Effects of pre-analytical conditions on RNA yield, integrity, and purity

PBMCs from 11 volunteers were subjected to 10 pre-analytical conditions: Ctrl1, Ctrl2, Without stab, Later, Protect, Lock, Shield, Stab, SDS, and 1-Thio. The purity, yield, and integrity of extracted RNA for each of the 10 conditions are shown in Table 2.

The RNA yield of the Ctrl2 condition was equivalent to that of the Ctrl1 condition, confirming that our experimental results were consistent between replicates. Moreover, the RNA yield of the Without stab condition was equivalent to that of the Ctrl1 condition. This result implied that pre-analytical freezing did not lower RNA yield. Similarly, the RNA yield of the Protect, Stab, and 1-Thio conditions were not significantly different from that of the Ctrl1 condition. In contrast, the RNA yield of the Lock, SDS, Later, and Shield conditions was significantly lower than that of the Ctrl1 condition (Table 2). These data indicated that there was insufficient RNA yield for biobanking purposes under these conditions.

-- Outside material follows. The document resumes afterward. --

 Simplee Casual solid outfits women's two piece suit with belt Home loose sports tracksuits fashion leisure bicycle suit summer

The RNA integrity (RIN value) of the Ctrl2 condition was equivalent to that of the Ctrl1 condition. The RNA integrity of the Without stab condition was significantly lower than that of the Ctrl1 condition (Table 2). This result suggested that pre-analytical freezing significantly lowered RNA integrity, implying that addition of stabilizing reagents was essential for prevention of reduced RNA integrity. Under the Lock and Stab conditions, RNA integrity was equivalent to that of the Ctrl1 condition. The RNA integrity of the 1-Thio sample was higher than that of the Ctrl1 condition, while the RNA integrity under the Protect and SDS conditions was significantly lower than that of the Ctrl1 condition. For the Later and Shield conditions, RNA integrity could not be measured, possibly due to low RNA yield and concentration. These results implied that RNA degradation during pre-analytical operations was effectively prevented under the Lock, Stab, and 1-Thio conditions.

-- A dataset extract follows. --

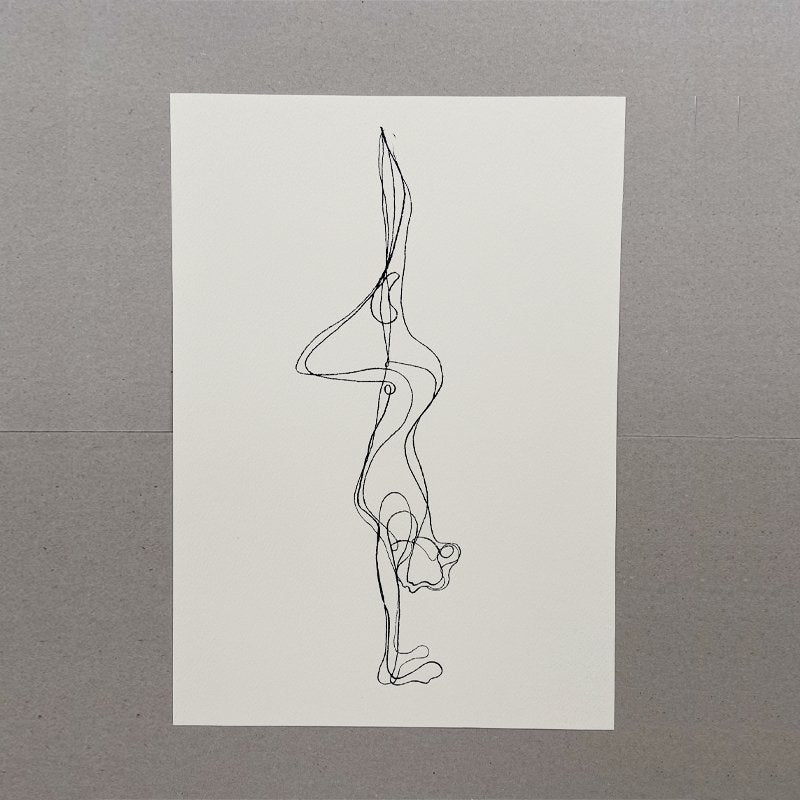 A4 Handstand Pose Yoga Print (Creme) - Actively Conscious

The RNA purity (i.e., A260/A280) under the Ctrl2 condition was equivalent to that of the Ctrl1 condition. Similarly, under the Without stab and SDS conditions, the difference in RNA purity compared to the Ctrl1 condition was not significant. The RNA purities under the Later, Protect, and Shield conditions were significantly lower than that of the Ctrl1 condition. Conversely, the RNA purities of the Lock, Stab, and 1-Thio conditions were improved compared to that of the Ctrl1 condition. These results indicated that stabilizing reagents could significantly affect the purity of RNA.

From these results, we excluded the Later and Shield conditions from candidate reagents for preventing RNA degradation because of their insufficient RNA yield. The other six conditions (Without stab, Protect, Lock, Stab, SDS, and 1-Thio) as well as the two control conditions (Ctrl1 and Ctrl2) were examined in subsequent quantitative expression analyses.

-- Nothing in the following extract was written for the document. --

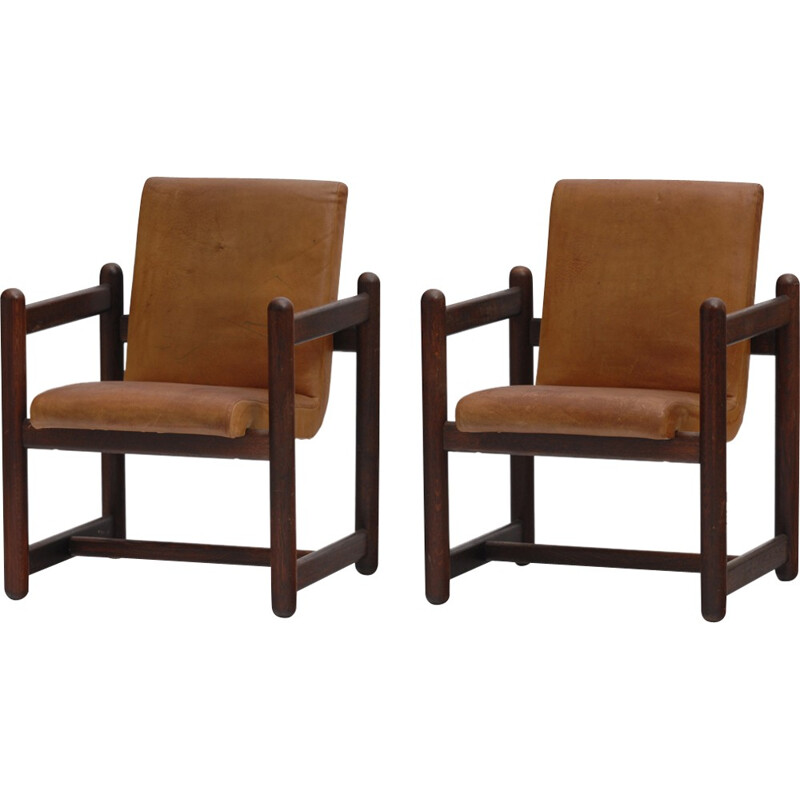 Pair of Leather Vintage Brown Armchairs - 1980s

Gene expression bias during pre-analytical operations analyzed by qRT-PCR

To examine whether gene expression in PBMCs was biased during pre-analytical operations and whether the bias could be reduced using stabilizing reagents, we performed qRT-PCR assays to analyze the expression of 21 transcripts from seven individuals for each of the eight conditions. When GAPDH was used as control, no significant bias in ΔCt was observed between the Ctrl1 and Ctrl2 conditions for all target transcripts (Figure 2), suggesting that our experimental results were consistent between replicates. Between the Without stab and Ctrl1 conditions, five transcripts (FOS, SPI1, IL6, HSPA1A, and BDNF) were significantly biased (significance level of 0.05), indicating that absence of a stabilizing reagent promoted bias of transcript expression in a significant portion (∼40%) of transcripts. Under the Protect, Lock, Stab, SDS, and 1-Thio conditions, nine, three, one, five, and one transcripts were significantly biased, respectively, compared to the Ctrl1 condition (Figure 2). These results indicated that gene expression bias during pre-analytical operations was reduced under the Lock, Stab, and 1-Thio conditions. Similar results were obtained when ACTB was used as control (Figure S1).

thumbnail
Figure 2. qRT-PCR analysis of 19 target transcripts.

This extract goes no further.